中島優美(ギター&ボーカル、以下、中島) いままでの私の曲を聴いていただいた上でのオファーだとお聞きしてとてもうれしかったです。そして期待を裏切らない曲を作ろうと思いました。
阿部耕作(ドラム、以下、阿部) こちらとしてはゲームの曲はちょっと、みたいなことはなくて、僕らの音楽を理解してくださって、いいお話をいただいたら全力でやるだけで。初めての試みでしたが、楽しくやらせていただきました。
サカモトナツキ(ギター、以下、サカモト) 普段、音楽の依頼をいただく業種の方とはまったく違う方で、しかも初めてのゲームの曲ということで楽しみでした。
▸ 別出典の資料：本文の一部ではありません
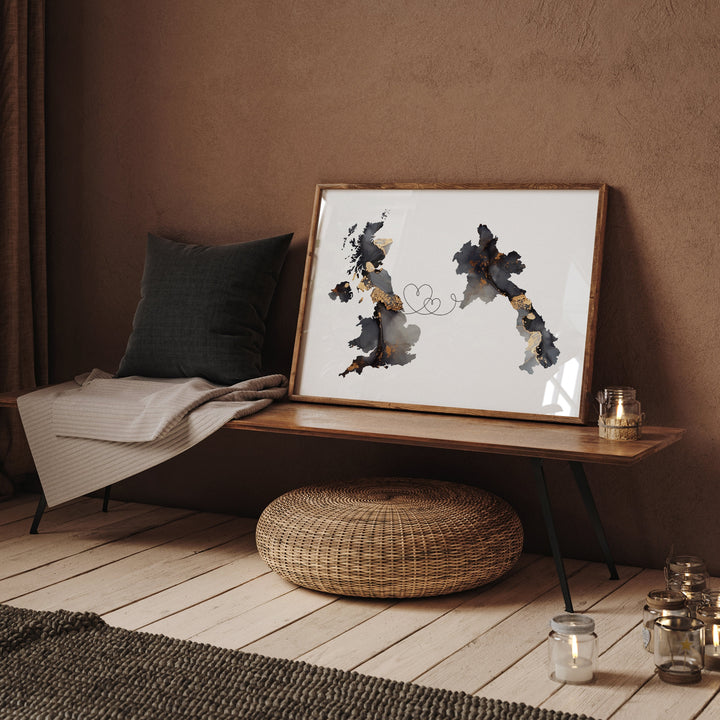 Britain and Laos Map Black & Gold Travel Wall Art Print | United Kingdom | UK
――中島さんはキャラクターテーマ「宵の星」はどのようなイメージで作られたのでしょうか?
中島 特にどんなシーンで流れるのかは決まっていなくて、いただいた資料を見て、全体的なストーリーや世界観をイメージして作りました。歌詞的には昼間は星は見えないけど、夜になったら見えますよね。そこにあるはずなのに昼間は見えてない、絶対つながっているはずなんだけど見えてないだけで、夜になったらまたつながれるんだと、いう意味で、タイトルも「宵の星」にしました。夜を心待ちにする中で、せつなさ、つらさなどいろいろな感情を入れたいと思って書きました。サウンドはシンプルなバンドサウンドになっていますが、チリヌルヲワカでやる以上は4人だけで、ライブでもそのまま演奏できるようなアレンジにしたいと思いました。
阿部 今回はアコースティック風に聴かせたいねという話をして。それもチリヌルヲワカでは珍しいことで、楽曲的にもチャレンジできたかなと思います。
サカモト 普段、ユウ(中島)さんが弾き語りで弾いたデモを聴かせてもらうんですけど、今回も聴いた瞬間、「いい曲だな」と。そして「すごい曲になりそうだ」と思いながら制作してました。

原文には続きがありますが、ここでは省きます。